Stockholm   -   Sweden’s central bank cut its key interest rate for the first time in eight years the other day, citing easing inflation and hinting at two more reductions before year-end.

The rate was reduced by a quarter-point to 3.75 percent after several years of high inflation, which has come down significantly in recent months. “Inflation is approaching the (two-percent) target while economic activity is weak,” the bank said.

The move comes almost two months after the Swiss National Bank became the first major Western central bank to lower its rates following hikes across Europe and the United States aimed at taming rising consumer prices.

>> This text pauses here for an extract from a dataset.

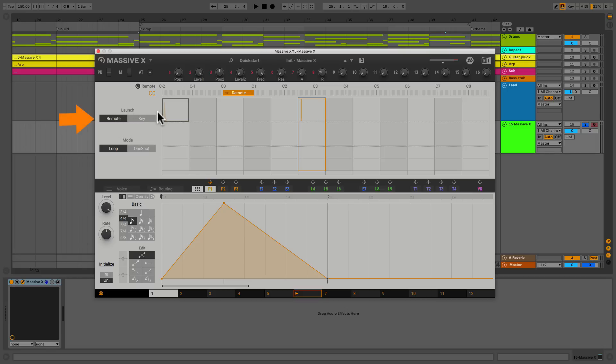So what does this mean? It's set to remote so it's waiting for a remote trigger which we're going to get to in a second. That's the whole crux of the video. But let's go ahead and set it to key.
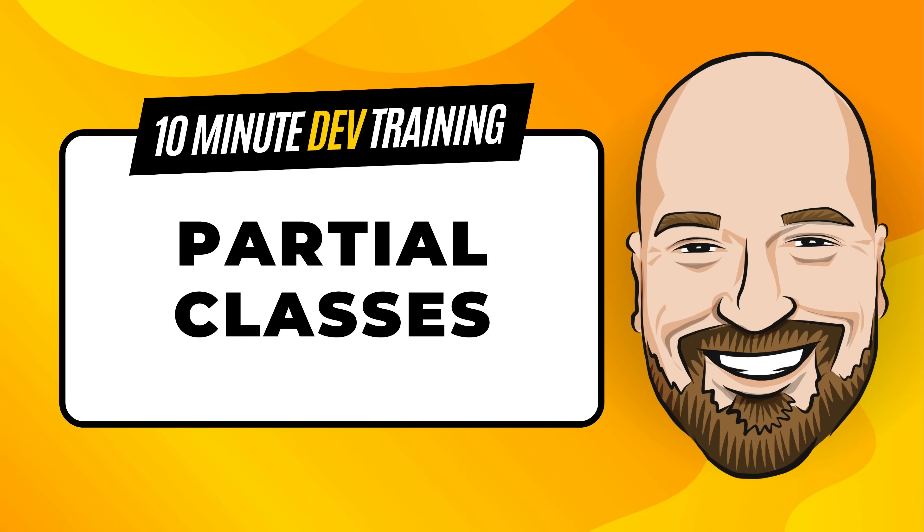C-sharp has had the concept of partial classes for a long time. In this 10-minute training video, we're going to look at what partial classes are, how they work, and when to use them.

The Swedish central bank cut was widely expected, after inflation slowed sharply in March to 4.1 percent year-on-year, down from a peak of 12.3 percent in December 2022. The bank’s benchmark indicator, adjusted for fixed interest rates (CPIF), reached 2.2 percent. “If the outlook for inflation still holds, the policy rate is expected to be cut two more times during the second half of the year.”

The bank warned there was “uncertainty” about the inflation outlook, “on both the upside and downside”. The strong US economy, geopolitical tensions and the exchange rate for the weak Swedish currency the krona could all cause inflation to rise again. “The adjustment of monetary policy going forward should therefore be characterised by caution, with gradual cuts to the policy rate,” it said. Sweden’s interest rate had been held at four percent since September 2023, its highest level since 2008. The bank’s last rate cut dated back to February 2016.